> [What to do]: Which lines of the data below hold "with"? Copy each of them.

> [Provided records]:
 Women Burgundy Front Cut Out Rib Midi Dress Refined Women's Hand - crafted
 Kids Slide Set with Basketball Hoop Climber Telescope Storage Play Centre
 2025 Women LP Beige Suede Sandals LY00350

* * *

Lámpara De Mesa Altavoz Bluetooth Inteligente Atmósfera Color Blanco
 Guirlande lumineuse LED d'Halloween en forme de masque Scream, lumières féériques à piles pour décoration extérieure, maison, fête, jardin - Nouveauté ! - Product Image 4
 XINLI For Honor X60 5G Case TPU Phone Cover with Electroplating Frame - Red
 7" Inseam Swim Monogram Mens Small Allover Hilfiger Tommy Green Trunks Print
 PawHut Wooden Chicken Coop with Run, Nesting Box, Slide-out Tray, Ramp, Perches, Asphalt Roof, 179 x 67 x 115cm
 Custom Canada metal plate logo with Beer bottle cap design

> [Solution for this exercise]:
 Kids Slide Set with Basketball Hoop Climber Telescope Storage Play Centre
 XINLI For Honor X60 5G Case TPU Phone Cover with Electroplating Frame - Red
 PawHut Wooden Chicken Coop with Run, Nesting Box, Slide-out Tray, Ramp, Perches, Asphalt Roof, 179 x 67 x 115cm
 Custom Canada metal plate logo with Beer bottle cap design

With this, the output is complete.